> MATERIAL SHOWN:
===============
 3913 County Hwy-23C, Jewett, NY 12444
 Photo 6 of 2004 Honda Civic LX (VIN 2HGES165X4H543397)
===============
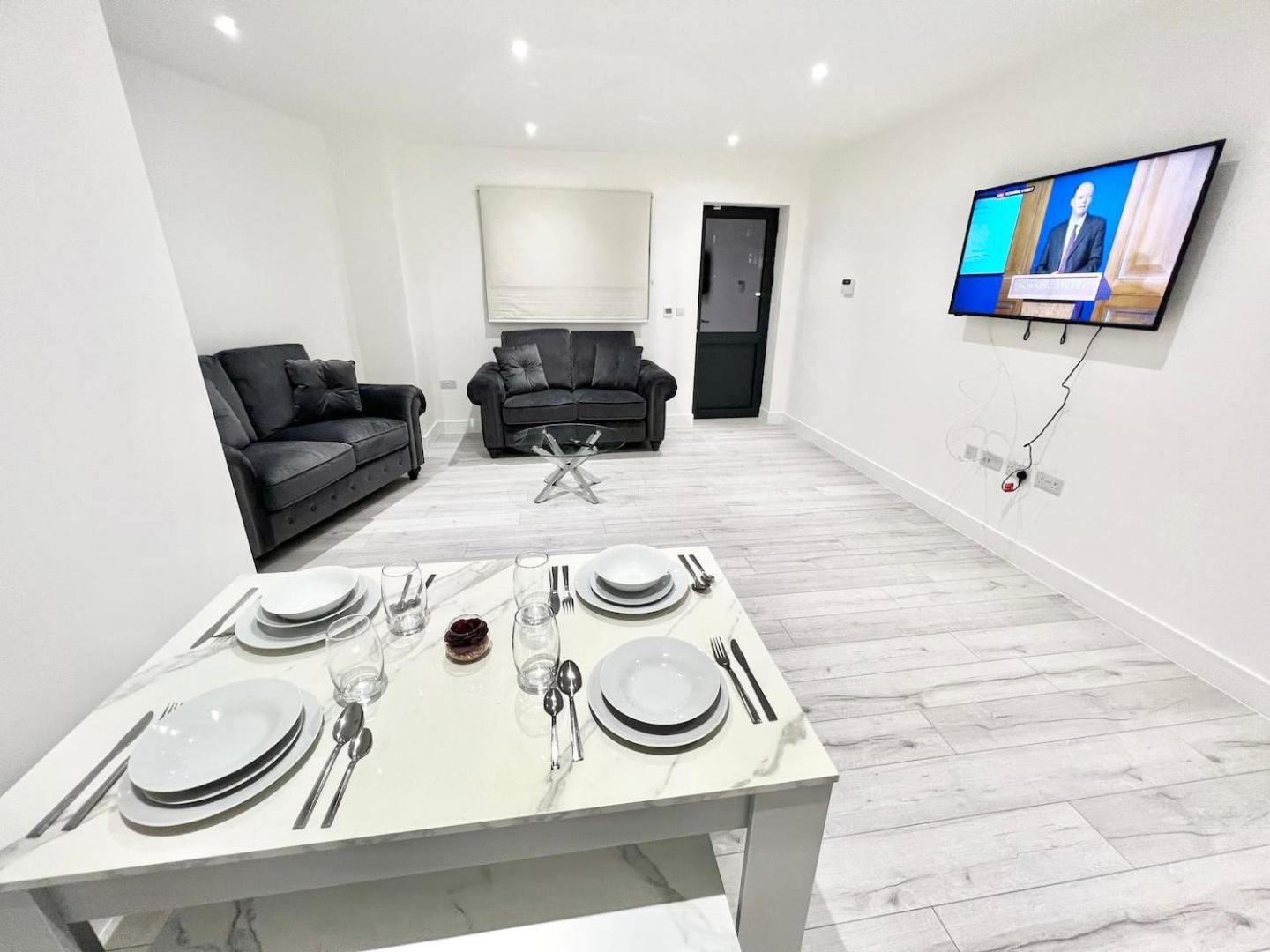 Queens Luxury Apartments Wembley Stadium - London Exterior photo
===============
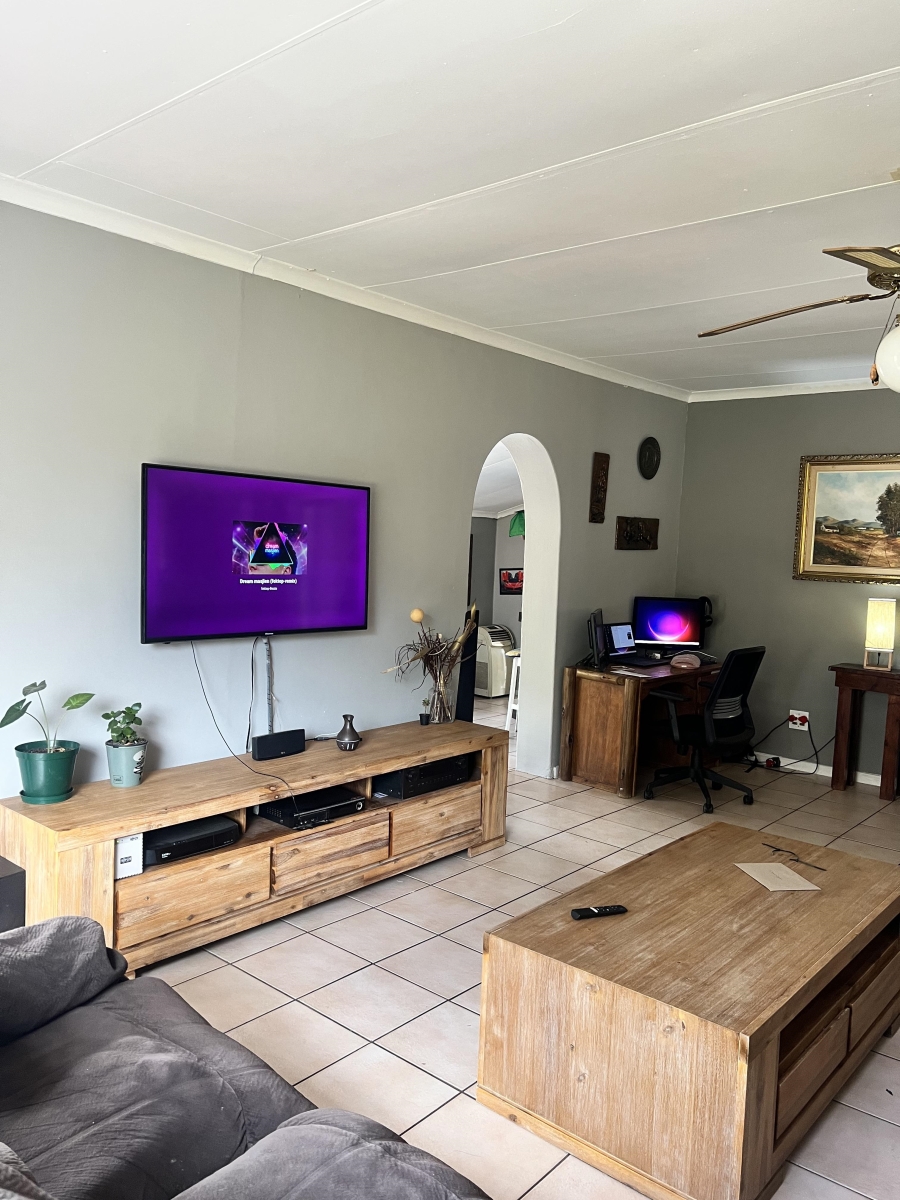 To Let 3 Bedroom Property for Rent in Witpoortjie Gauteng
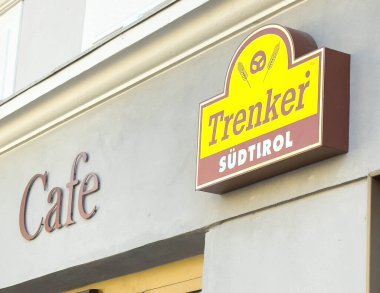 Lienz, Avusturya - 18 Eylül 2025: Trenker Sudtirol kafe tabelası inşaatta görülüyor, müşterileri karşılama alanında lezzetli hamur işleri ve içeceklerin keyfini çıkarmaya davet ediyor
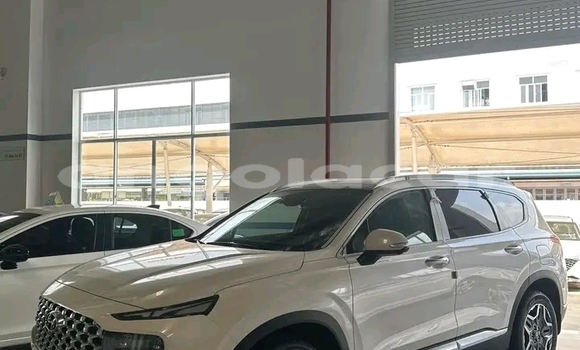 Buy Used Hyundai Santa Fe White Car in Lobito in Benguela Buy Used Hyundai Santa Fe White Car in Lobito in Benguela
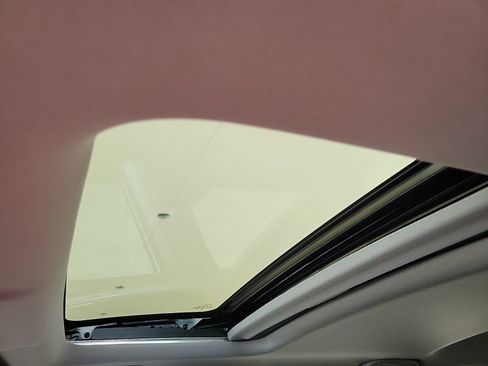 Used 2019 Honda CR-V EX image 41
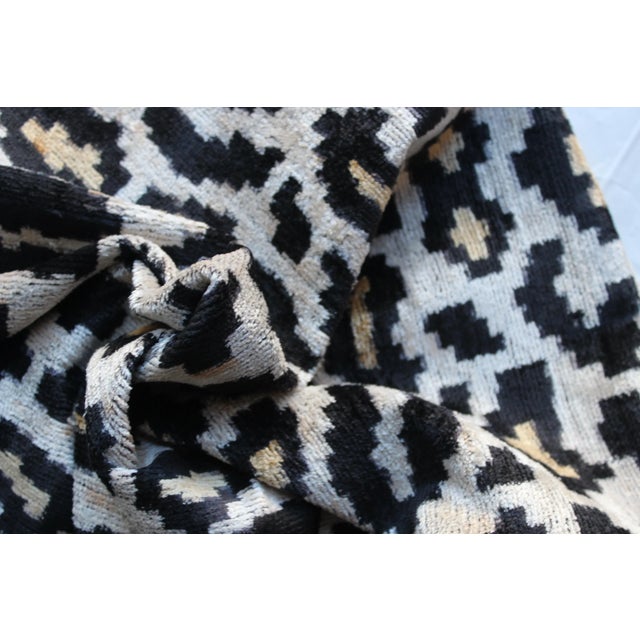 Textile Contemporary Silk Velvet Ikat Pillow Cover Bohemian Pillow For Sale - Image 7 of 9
===============
> AIM OF THE TASK:
Using the listing above, return word for word each line from the one that has "3913 County Hwy-23C, Jewett, NY 12444" through the one that has "Photo 6 of 2004", and no line outside that range.

> RESPONSE FOR THIS EXERCISE:
 3913 County Hwy-23C, Jewett, NY 12444
 Photo 6 of 2004 Honda Civic LX (VIN 2HGES165X4H543397)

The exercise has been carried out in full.